Perfecta para una tarde estival en la que el aire acondicionado, la sala oscura semivacía y una rubia deslenguada en pantalla bastan para sentir que no has tirado el dinero.
La película arranca flojona, pero cuaja en cuanto llega el chaval apocado (Andrew Barth Feldman), a quien Jennifer Lawrence tiene que enseñar a vivir fuera de su habitación, su smartphone y sus padres híper-protectores mega-pijos (el guión tiene el buen ojo de no demonizarlos).
La película crece y se asienta conforme avanza, aunque no aporte demasiados momentos para la risa liberadora (hay, eso sí, un gag impagable).

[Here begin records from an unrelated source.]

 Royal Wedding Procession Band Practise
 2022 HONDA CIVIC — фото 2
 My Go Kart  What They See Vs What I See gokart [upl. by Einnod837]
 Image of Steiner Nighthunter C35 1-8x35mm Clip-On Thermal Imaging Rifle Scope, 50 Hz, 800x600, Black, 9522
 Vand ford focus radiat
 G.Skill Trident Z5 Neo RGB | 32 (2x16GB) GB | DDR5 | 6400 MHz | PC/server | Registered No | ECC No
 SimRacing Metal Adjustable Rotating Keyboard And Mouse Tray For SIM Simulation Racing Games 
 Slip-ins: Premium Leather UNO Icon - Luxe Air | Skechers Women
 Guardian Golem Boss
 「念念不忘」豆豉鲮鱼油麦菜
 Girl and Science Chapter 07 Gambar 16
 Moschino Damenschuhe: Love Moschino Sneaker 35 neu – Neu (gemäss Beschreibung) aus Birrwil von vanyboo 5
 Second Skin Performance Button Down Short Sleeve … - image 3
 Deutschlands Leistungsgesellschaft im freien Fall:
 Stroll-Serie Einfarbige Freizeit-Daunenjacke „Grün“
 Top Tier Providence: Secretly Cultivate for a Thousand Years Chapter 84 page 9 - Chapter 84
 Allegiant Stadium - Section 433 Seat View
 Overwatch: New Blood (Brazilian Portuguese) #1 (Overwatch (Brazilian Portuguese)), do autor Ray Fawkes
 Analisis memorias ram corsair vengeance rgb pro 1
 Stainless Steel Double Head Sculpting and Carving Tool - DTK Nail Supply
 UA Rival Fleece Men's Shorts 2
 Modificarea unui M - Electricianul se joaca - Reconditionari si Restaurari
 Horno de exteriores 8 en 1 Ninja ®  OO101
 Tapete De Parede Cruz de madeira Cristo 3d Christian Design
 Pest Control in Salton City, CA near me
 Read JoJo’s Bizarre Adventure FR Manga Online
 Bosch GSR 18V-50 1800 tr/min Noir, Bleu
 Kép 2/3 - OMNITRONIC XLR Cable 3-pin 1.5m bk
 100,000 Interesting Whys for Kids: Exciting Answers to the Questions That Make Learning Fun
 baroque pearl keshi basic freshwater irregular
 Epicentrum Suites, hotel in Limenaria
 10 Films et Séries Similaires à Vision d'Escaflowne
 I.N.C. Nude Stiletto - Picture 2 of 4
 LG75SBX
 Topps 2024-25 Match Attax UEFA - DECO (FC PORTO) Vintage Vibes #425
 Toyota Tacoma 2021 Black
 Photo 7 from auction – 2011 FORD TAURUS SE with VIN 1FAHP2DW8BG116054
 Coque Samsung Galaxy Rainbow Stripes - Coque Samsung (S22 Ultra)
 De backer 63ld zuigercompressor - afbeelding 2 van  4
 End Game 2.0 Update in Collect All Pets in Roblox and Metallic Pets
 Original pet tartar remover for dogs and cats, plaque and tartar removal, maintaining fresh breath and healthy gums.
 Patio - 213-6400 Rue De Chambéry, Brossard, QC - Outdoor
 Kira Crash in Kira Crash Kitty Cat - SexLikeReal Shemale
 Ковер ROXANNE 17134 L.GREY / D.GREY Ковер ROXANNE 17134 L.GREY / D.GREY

Porque, aparte de la comedia moderada, al director y guionistas les importan sus personajes más allá de la premisa y por ahí asoma otro tono más melancólico que funciona bien gracias a los actores.
De todas maneras, ella y su mala leche desubicada en un mundo de hijos de papá que irán por primera vez a Princeton el curso que viene, es lo mejor de Sin malos rollos.
Ese tono agridulce y divertido del que la Lawrence es perfectamente capaz, se resume en verla abrir puertas en una fiesta y encontrar jovencitos sobre las camas mirando el móvil, para gruñir con indignación: "¿Pero es que ya nadie folla?”